UNITED STATES (OBSERVATORY NEWS) — Chinese stocks fell on Friday and recorded the maximum monthly decline since May last year amid a sell-off in global markets due to fears of a coronavirus pandemic.
The Shanghai Composite Index in February fell 3.2%, but its losses were modest compared to some other major markets thanks to economic support measures that triggered a rally in the middle of the month.
Following the session, the Shanghai Composite and the blue chip index CSI 300 slowed down by more than 3.5%, showing the most significant one-day decline since February 3, when coronavirus was rapidly spreading in China.
The CSI 300 index for February lost 1.6%.
For comparison, the Japanese Nikkei this month fell by 9%, and the S&P 500 – by almost 8% at the close of the session on February 27.
Both Chinese indexes retreated from the lows on February 3, after Beijing promised decisive action to mitigate the outbreak.

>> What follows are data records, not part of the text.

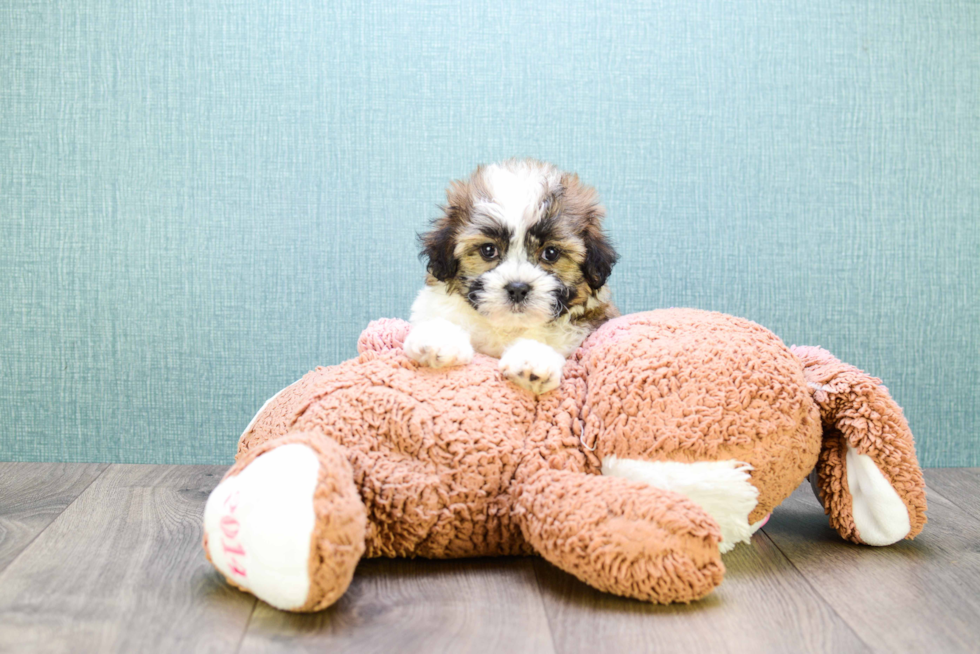 Teddy Bear Puppy for Adoption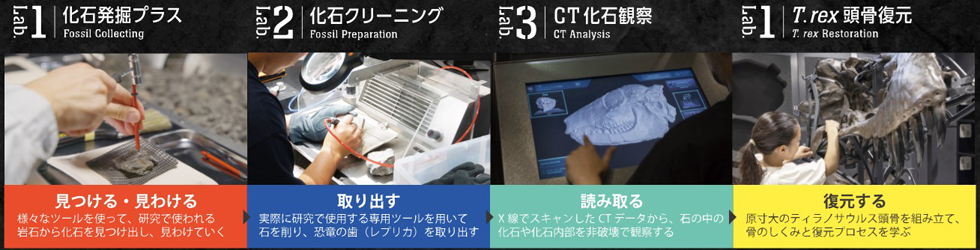 “REAL”にこだわり、未来の研究者を育てるミュージアム～『福井県立恐竜博物館新館「化石研究体験」』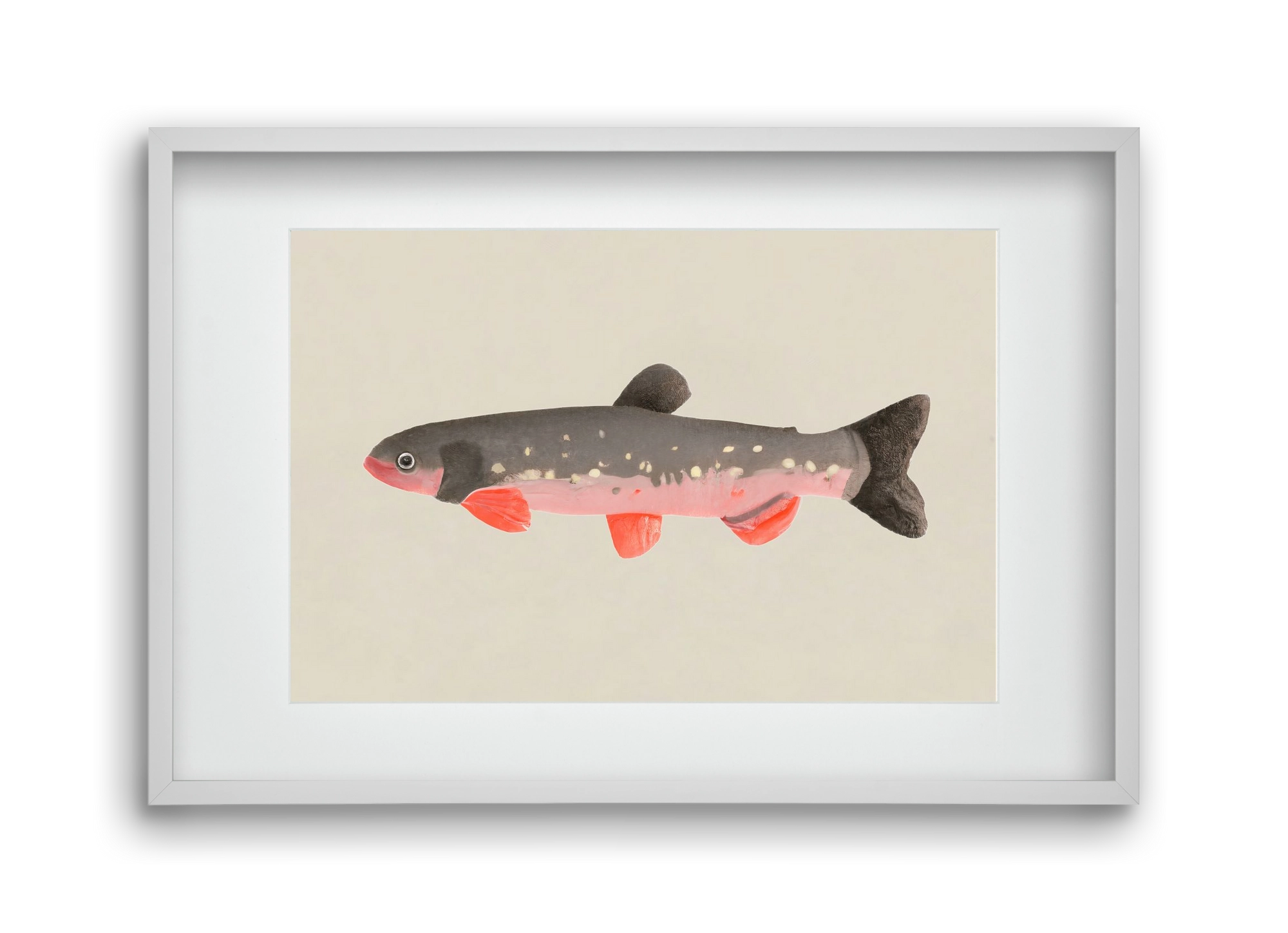 Still fishy, 45x30 cm (30x20 cm), Fehér keret, paszpartuval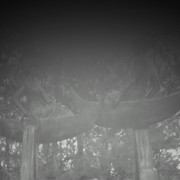  ,   , 53 ,     , c 
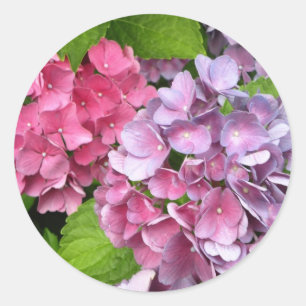 Pegatinas de Hydrangea Floral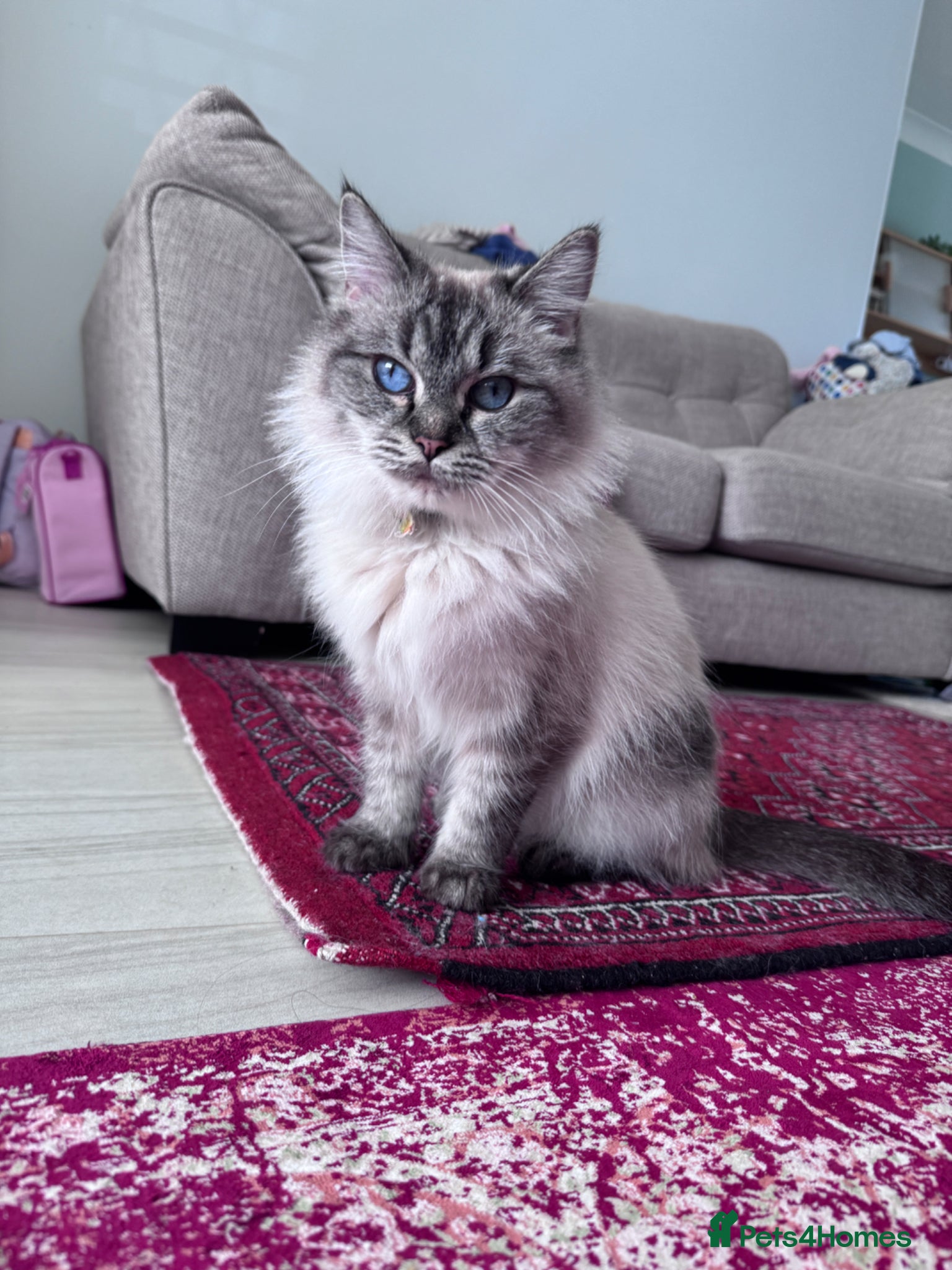 Ragdoll cats Friendly Ragdoll spayed female  - Advert 1
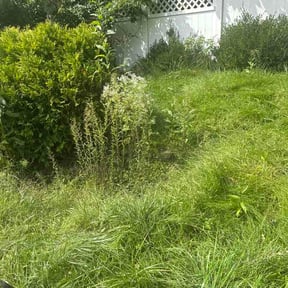 Flower Bed Weeding by Mulligan Outdoor Services reviewed on October 10, 2026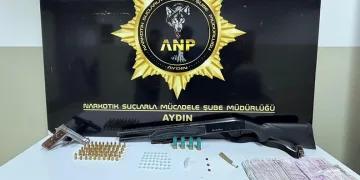 Van’da refüje çarpan otomobilin sürücüsü yarandı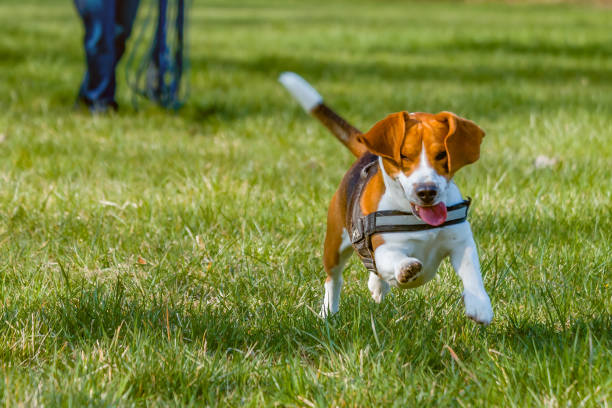 istock Young beagle running outside on a grassy field in Germany. 1249787970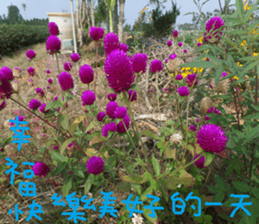 Pure life chapter sticker #14627447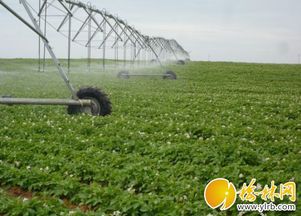 农机补贴精准落地，我市现代农业发展注入新动能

Market recovery was also helped by signs of a slowdown in the spread of the virus and a decrease in mortality in the country, which further strengthened the view that the outbreak in China was taken under control.
Mainland China, the outbreak, reported 327 new infections on Friday – at least January 23rd. The total number of cases in the country exceeded 78.800, the number of victims reached almost 2.800.
The Hong Kong Hang Seng index fell 2.4% to 26.129.93 points, while the Hang Seng China Enterprises index fell 2.7% to 10.302.36 points.
This article is written and prepared by our foreign editors writing for OBSERVATORY NEWS from different countries around the world – material edited and published by OBSERVATORY staff in our newsroom.